Department store operator Kohl’s Corporation (KSS) late Wednesday posted an 8% decline in fourth quarter earnings, but still edged out Wall Street expectations. Its forecast for 2012 was weaker-than-expected, but its dividend payout was boosted by 28%.
The Menomonee Falls, WI-based company reported fourth quarter net income of $455 million, or $1.81 per share, compared with $494 million, or $1.66 per share, in the year-ago period.
Revenue edged slightly lower from last year to $6 billion.
On average, Wall Street analysts expected a slightly lower profit of $1.80 per share, on slightly higher revenue of $6.03 billion.
Looking ahead, Kohl’s forecast full-year 2012 earnings of $4.75 per share, which would miss analysts’ current estimate of $4.95 per share for the year.

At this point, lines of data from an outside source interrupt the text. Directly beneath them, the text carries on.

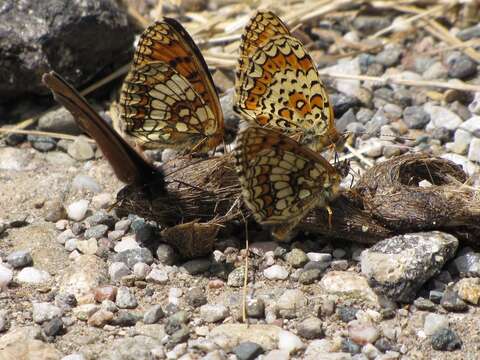 Image of Melitaea aurelia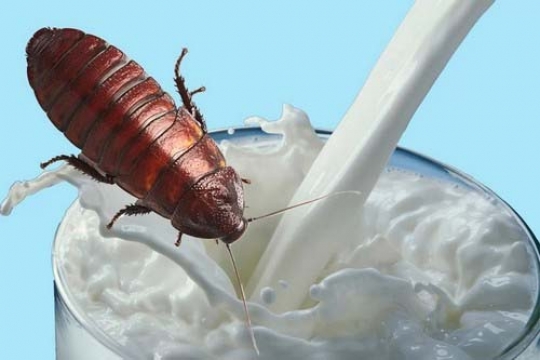 milk_cockroach_002.w540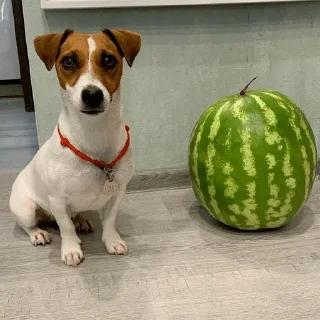 🍉 emoji собаки нахуй Telegram sticker 11 of 37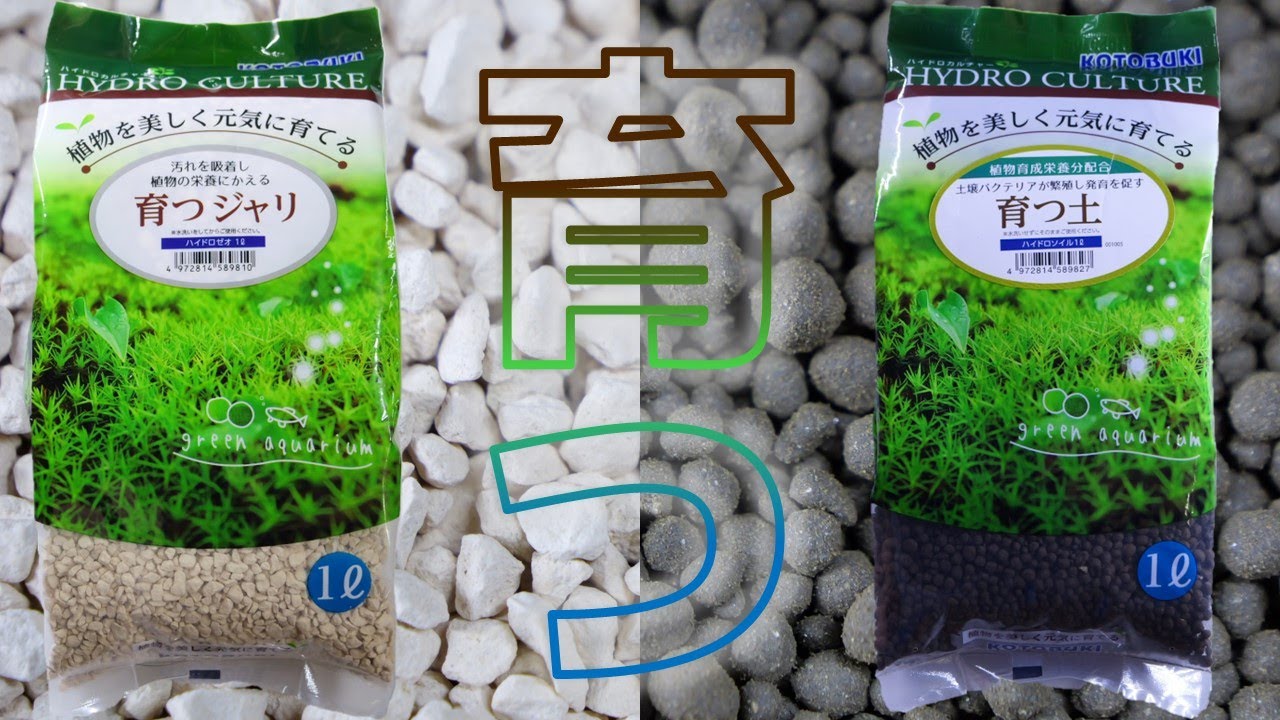 【ソイル】阿蘇の天然土は凄かったのに・・・期待するとこうなる。コトブキ 育つジャリ/育つ土【ふぶきテトラ】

In a separate announcement, KSS’ board of directors approved a 28% hike in its quarterly dividend payout. The new dividend of 32 cents (up from 25 cents) will be paid on March 28 to shareholders of record as of March 7.
Kohl’s shares fell $1.38, or -2.6%, in premarket trading Thursday.
The Bottom Line
Shares of Kohl’s (KSS) will now have a 2.45% dividend yield, based on the higher dividend payout and last night’s closing stock price of $52.19. The stock has technical support in the $46-$48 price area. If the shares can firm up, we see overhead resistance around the $54-$56 price levels.
Kohl’s Corporation (KSS) is not recommended at this time, holding a Dividend.com DARS™ Rating of 3.3 out of 5 stars.